Post-Super Bowl Reflections on Marketing & Communications
We have some close friends in the Cincinnati area, and we’re really bummed for them that the Bengals lost last night! But it was a great game, following what we believe was the best NFL postseason of all time.
The Super Bowl has become so much more than a game over the years. It has become a spectacle that reaches beyond sports. The fact that it was hosted in Los Angeles, at the futuristic SoFi Stadium, made it even more sensational this year.
Watching the big game got us thinking about what we can learn about marketing and communications from the biggest sporting event of the year. Here are a few things that stood out to us.
Know your target audience. Clearly, the corporate decision-makers understand that buying power has shifted from Baby Boomers to Gen Xers. From the Lord of the Rings trailer to Jim Carrey reviving Cable Guy, to featuring 90s rap and hip-hop at the halftime show, marketers and advertisers had one particular target audience at the top of their lists.
As a part of your brand strategy, we believe it’s vital for social impact organizations to list and rank their top three to five target audiences and create personas for each. With this in mind, you can develop a steady flow of communication throughout the year that connects with real people in the demographics that are most important to you.
Be creative. On top of a lot of best commercials lists was an ad featuring a sloth racing away to the tune Push It’ by Salt-N-Pepa as it carried a bag of Flamin’ Hot Cool Ranch Doritos that was dropped by a bird-watching Megan Thee Stallion.
This commercial reminded us that it’s important to be creative, it’s OK to be a little quirky, and it’s essential to have fun — even more so because you are doing work that’s difficult and often exhausting.
Simple often beats elaborate. The Doritos/Cheetos commercial might be a bad example of creativity for an organization that’s on a tight budget. That ad required a lot of planning, design, lighting, special effects, etc. On the other hand, the Coinbase commercial with a QR code bouncing around the screen Pong-style for one minute could have been done by an entry-level graphic designer.

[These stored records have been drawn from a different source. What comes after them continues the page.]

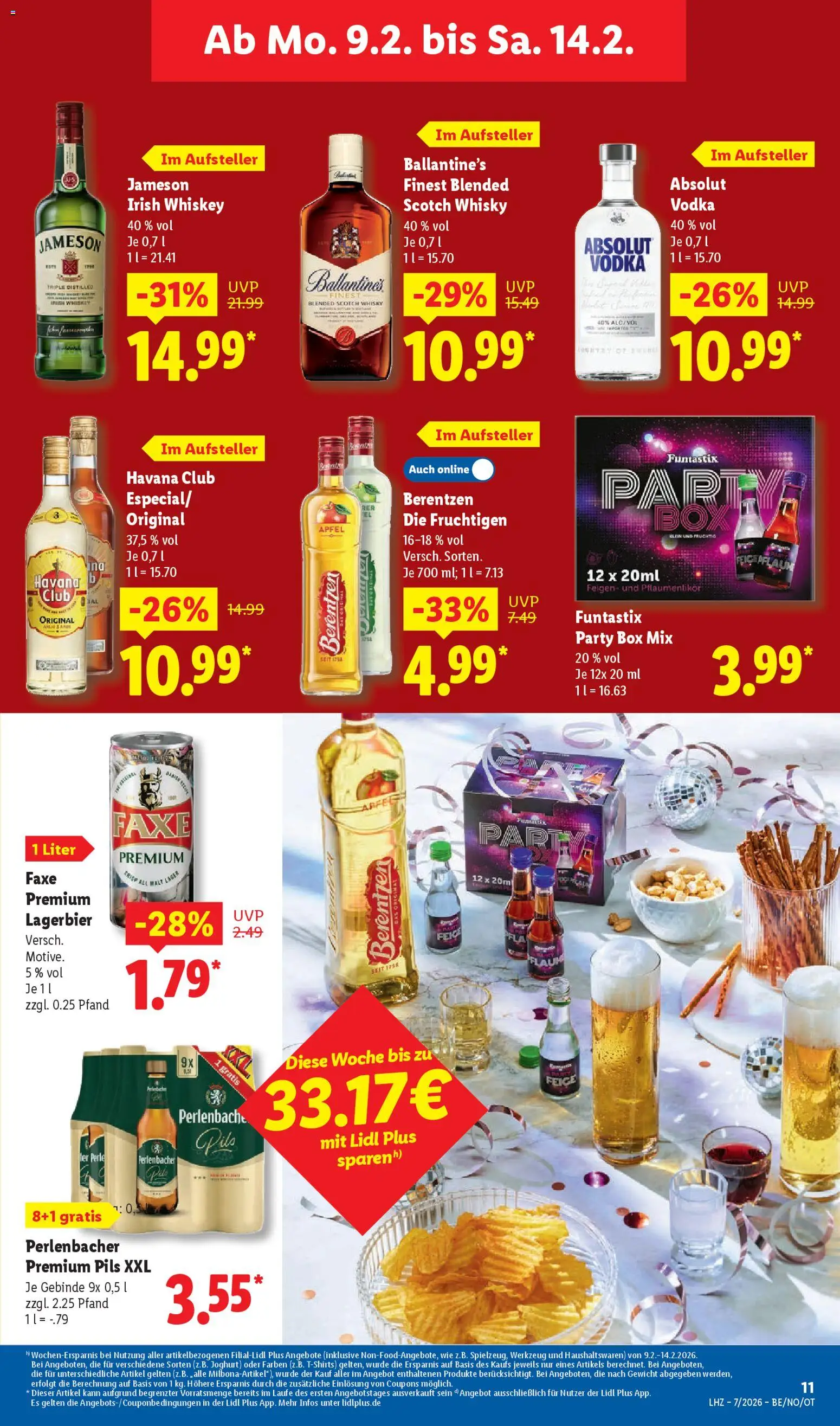 Lidl Prospekt Zossen – gültig ab 09.02.2026 | Seite: 21 | Produkte: Joghurt, Äpfel, Jameson, Whiskey
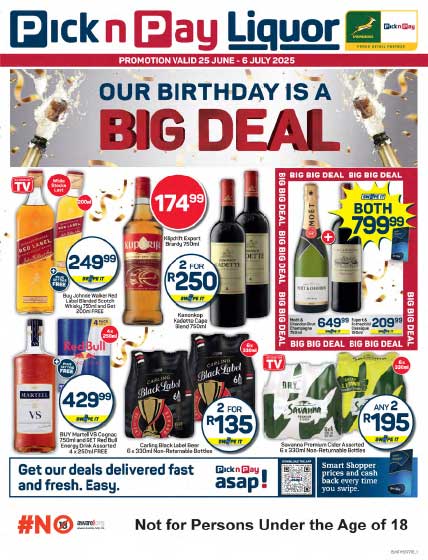 Pick n Pay Liquor Weekend Specials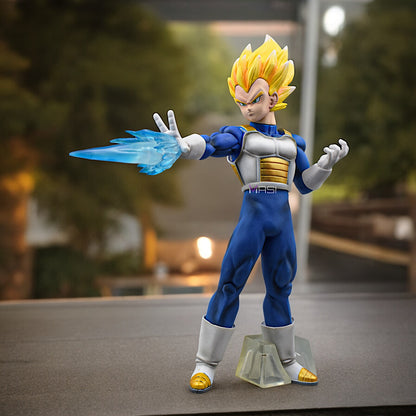 VEGETA EXCLUSIVE ACTION FIGURE WITH 2 REPLACEABLE HANDS (27 CM HEIGHT) - DRAGON BALL Z/SUPER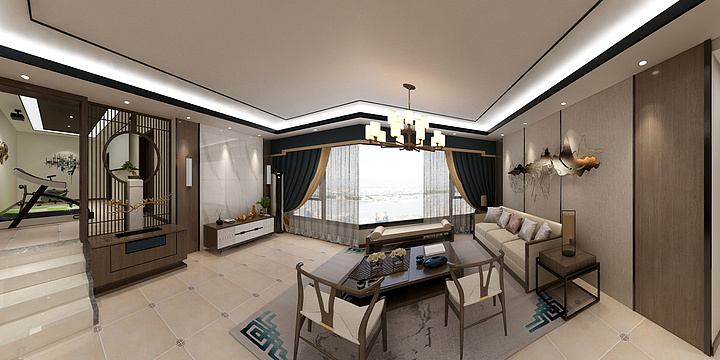 水月门建筑设计-南充人事局宿舍姚女士-装修设计方案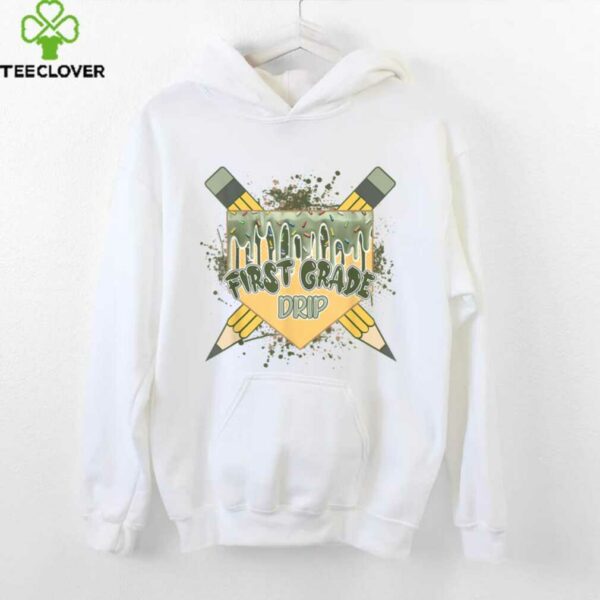 Ice Cream Drip Youth First Grade Boys Back To School Shirt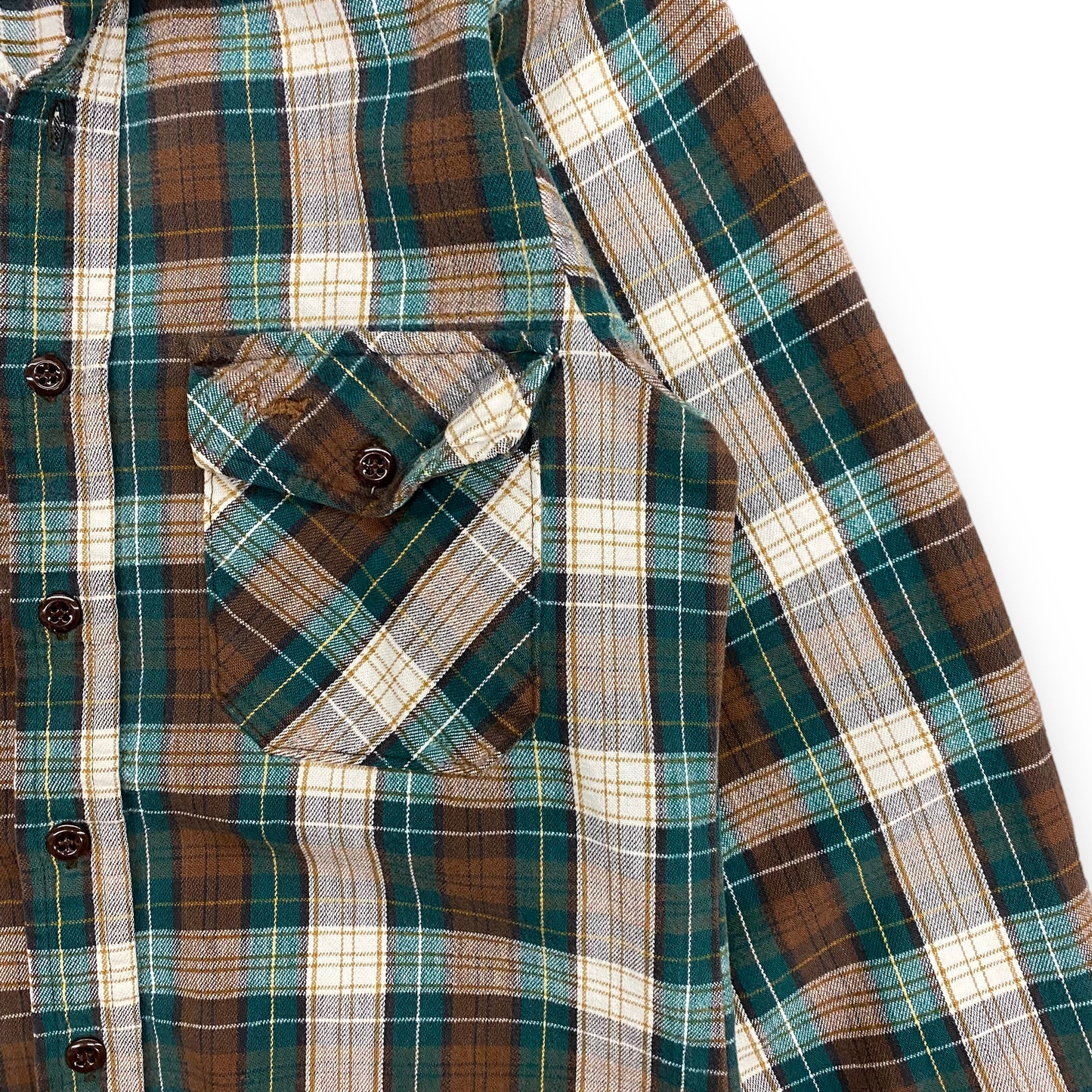 1980s Duxbak Flannel Plaid Button Up Shirt - Size Small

Rather than writing a monthly newsletter with multiple sections, including an update from the executive director, a list of upcoming events, a link to an impact story, a quote, and your current fundraising campaign… consider sharing one story about a program beneficiary who has been impacted by your work.
If all of this feels a bit overwhelming, and you’re feeling too sluggish from eating one too many helpings of nachos… reach out to us to talk about your communications strategy.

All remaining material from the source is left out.